_DESCRIPTION OF THE TASK_
Repeat the material in full. Keep every line exactly as it is.

_GIVEN INFORMATION_
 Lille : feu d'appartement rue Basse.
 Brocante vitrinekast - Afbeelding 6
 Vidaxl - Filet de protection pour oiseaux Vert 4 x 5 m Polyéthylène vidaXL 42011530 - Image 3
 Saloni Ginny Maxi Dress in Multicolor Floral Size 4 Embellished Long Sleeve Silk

_SOLUTION TO THIS PROBLEM_
 Lille : feu d'appartement rue Basse.
 Brocante vitrinekast - Afbeelding 6
 Vidaxl - Filet de protection pour oiseaux Vert 4 x 5 m Polyéthylène vidaXL 42011530 - Image 3
 Saloni Ginny Maxi Dress in Multicolor Floral Size 4 Embellished Long Sleeve Silk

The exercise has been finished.